The union in question and its employer, PRO, aren’t household names, but their recent dispute over a collective bargaining agreement for Major League Soccer referees, during which the use of replacement referees — whom the union called “scabs” — increased the tension, promises to be only the opening skirmish in a year of behind-the-scenes negotiations that may determine the future health of the league.
It may certainly determine the immediate fate of the MLS board’s stated ambition to be one of the top 10 leagues in the world by 2022.
The current agreement between the MLS players union and the league runs out at the end of this year, and with a new TV deal to also be negotiated — and the increased scrutiny that comes with a World Cup year — the negotiation of a new agreement could be a fraught period of the league’s growing pains.

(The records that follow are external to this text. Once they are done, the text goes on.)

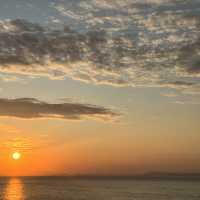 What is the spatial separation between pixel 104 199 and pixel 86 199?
4754mm

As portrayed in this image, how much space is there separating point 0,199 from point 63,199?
53.9 ft

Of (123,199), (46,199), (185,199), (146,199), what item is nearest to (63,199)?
(46,199)

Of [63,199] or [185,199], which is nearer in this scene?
[63,199]

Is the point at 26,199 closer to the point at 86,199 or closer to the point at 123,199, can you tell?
the point at 86,199

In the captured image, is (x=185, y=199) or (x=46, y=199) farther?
(x=185, y=199)

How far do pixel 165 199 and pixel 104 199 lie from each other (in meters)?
16.8

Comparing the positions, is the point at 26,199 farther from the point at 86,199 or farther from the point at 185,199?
the point at 185,199

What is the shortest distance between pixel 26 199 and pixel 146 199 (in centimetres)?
3223

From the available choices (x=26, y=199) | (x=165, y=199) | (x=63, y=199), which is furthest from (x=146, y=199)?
(x=26, y=199)

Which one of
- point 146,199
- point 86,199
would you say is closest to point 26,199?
point 86,199

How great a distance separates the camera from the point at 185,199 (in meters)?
98.4

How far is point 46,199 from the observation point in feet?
297

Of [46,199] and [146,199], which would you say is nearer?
[46,199]

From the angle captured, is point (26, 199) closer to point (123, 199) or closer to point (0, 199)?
point (0, 199) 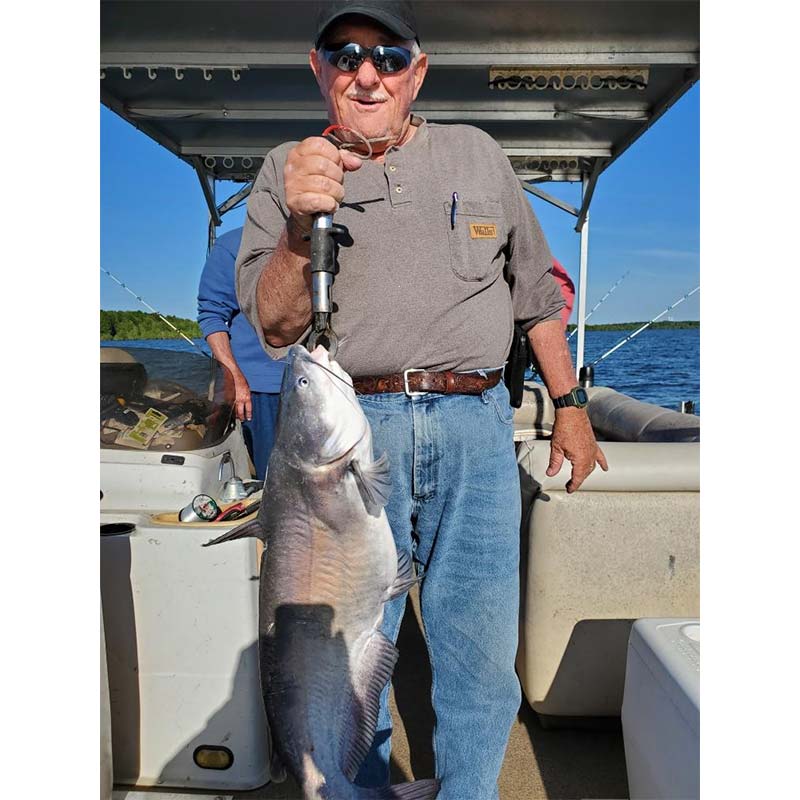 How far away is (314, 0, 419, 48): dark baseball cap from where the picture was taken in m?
1.64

PRO was founded two years ago as a joint initiative between the U.S. Soccer Federation and MLS to improve the quality of the domestic refereeing pool by professionalizing it. Former English Premier League referee Peter Walton was drafted to lead the new body, and, for the most part, his arrival was greeted as a welcome next step in the development of the game in the U.S. And Walton, at least to begin with, stressed that his initial role would be largely observational — though he did trim the pool of referees after the first year.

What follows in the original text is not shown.